168 shopping days till Christmas.
AUGH! I don’t need to hear this!
168 shopping days till Christmas.
AUGH! I don’t need to hear this!
This is one of those mornings where I looked around at my life and started to panic again.
Marriage can be a wonderful thing, but it also means you have double the problems to deal with since it’s sharing the not-so-good as well as the good. It’s all very well to say “Chin up!” and “Think positive and things will unfold that way,” but every once in a while when you’ve gradually convinced yourself that yeah, things aren’t so bad, and we can handle life, and we’re pretty on top of things, something creeps up and hamstrings you.
On top of that I woke up with a stiff neck again, and no osteo appointment for another two weeks. I didn’t do anything, I swear!
To cheer myself up, I keep trying to remember that two very dear friends have asked us formally to become their new daughter’s guardians should anything happen. I get a rush of warmth and dewy eyes every time I think about it.
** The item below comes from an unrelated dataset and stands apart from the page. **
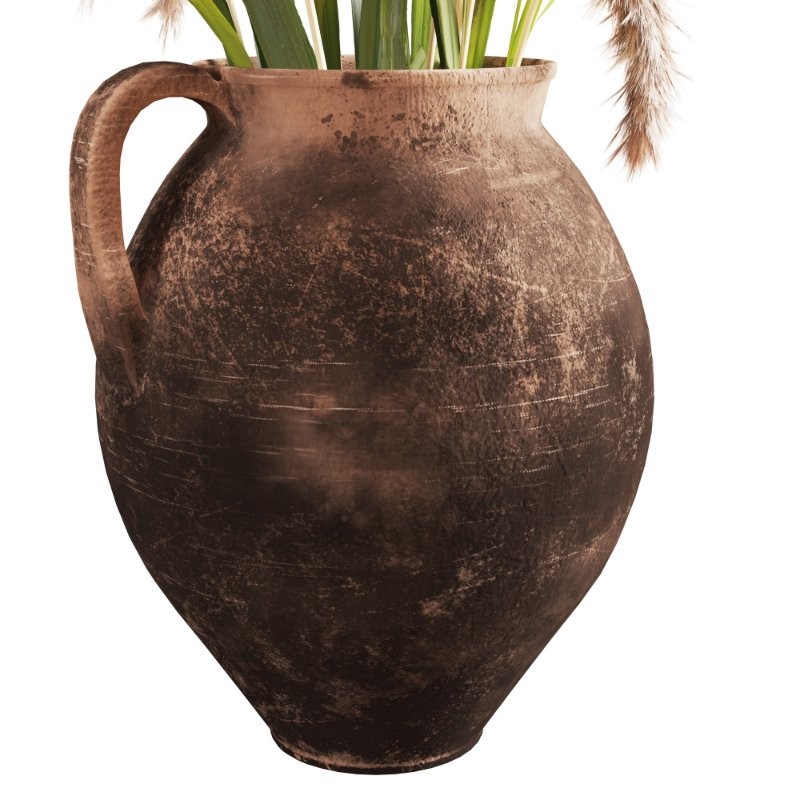 Handcrafted Earthenware Jug with Dried Pampas - Image 1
The trust implied in the request touched us deeply, and I believe that it’s among the highest compliments anyone be paid. The term “guardian” suits us just fine as well – an older term might have been “godparents”, but in our lifestyles the concept of a guardian is much more appropriate. She’s not our daughter, but both of us would do pretty much anything to keep her happy and safe, whether her parents are around or not – and that was before we were asked to officially be named guardians. The idea that her parents have invited us to play that important a role in her life is awe-inspiring – almost as awe-inspiring a miracle that is a baby itself.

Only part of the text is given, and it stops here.